There are so many different metrics to choose from, so we asked our panel of experts for the best metrics for contact centre performance tracking.

Abandoned Call Rate

Customers are losing patience. Most customers today will hang up after waiting more than one minute for a call to be answered.

The “Abandoned Call Rate” metric measures the number of times customers give up on a conversation before an issue is resolved. While it’s typically used for voice interactions, it can also measure people giving up on chat or video conversations.

Various factors can contribute to a higher abandoned call rate, from lack of access to enough trained professionals in your team to complex contact centre technology. Sometimes, agents don’t have the information they need to resolve issues quickly, leading to long queues.

Contributed by: Geomant

Agent Turnover Rate

Andrea D’Anselmo at Five9
Andrea D’Anselmo

To develop a successful CX strategy, it is important to analyse multiple CX metrics, both in agent performance and customer satisfaction.

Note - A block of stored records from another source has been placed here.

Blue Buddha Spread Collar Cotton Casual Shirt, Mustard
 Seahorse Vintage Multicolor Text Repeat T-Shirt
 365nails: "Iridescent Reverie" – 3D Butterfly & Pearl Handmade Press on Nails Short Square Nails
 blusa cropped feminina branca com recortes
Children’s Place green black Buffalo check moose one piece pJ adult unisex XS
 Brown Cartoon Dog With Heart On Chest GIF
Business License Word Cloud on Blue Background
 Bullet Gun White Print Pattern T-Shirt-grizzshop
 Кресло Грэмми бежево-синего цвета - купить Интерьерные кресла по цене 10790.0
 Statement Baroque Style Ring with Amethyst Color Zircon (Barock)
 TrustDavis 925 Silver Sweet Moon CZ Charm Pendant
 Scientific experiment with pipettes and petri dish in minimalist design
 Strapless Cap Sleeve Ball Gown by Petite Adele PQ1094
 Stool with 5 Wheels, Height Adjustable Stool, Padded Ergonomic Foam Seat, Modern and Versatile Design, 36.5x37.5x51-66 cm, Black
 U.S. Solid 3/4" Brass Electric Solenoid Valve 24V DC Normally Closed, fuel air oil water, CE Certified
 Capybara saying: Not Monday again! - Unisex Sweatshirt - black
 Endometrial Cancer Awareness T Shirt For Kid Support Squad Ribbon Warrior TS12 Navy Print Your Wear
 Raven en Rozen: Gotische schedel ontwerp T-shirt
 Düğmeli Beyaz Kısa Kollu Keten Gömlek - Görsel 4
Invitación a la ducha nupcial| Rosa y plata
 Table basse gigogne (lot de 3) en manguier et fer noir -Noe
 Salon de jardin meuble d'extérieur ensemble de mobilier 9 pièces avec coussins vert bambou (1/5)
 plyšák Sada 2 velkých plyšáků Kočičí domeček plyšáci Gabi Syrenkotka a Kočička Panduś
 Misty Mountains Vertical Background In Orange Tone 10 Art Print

However, according to our recent CX Metrics Gap Report, we found that “when agent turnover rates are less than 15% per year, CSAT increases by 26%.”

Therefore, moving forward, it’s important for CX leaders not to lose sight on the importance of employee engagement and happiness.

We believe technology plays a huge role in retaining employees. According to Jive’s recent study, “60% of failed attempts at first call resolution are due to an agent’s inability to access the right data.”

Therefore, contact centres should always provide tools to simplify work for agents and make them more efficient, to reduce stress and agent turnover.

Contributed by: Andrea D’Anselmo at Five9

Average Handling Time (AHT)

Many feel uneasy at the mention of average handling time (AHT), as some managers have historically employed the measure as a stick to beat agents. In doing so, they hoped to lower handling times and – consequently – costs. At least, that was the theory.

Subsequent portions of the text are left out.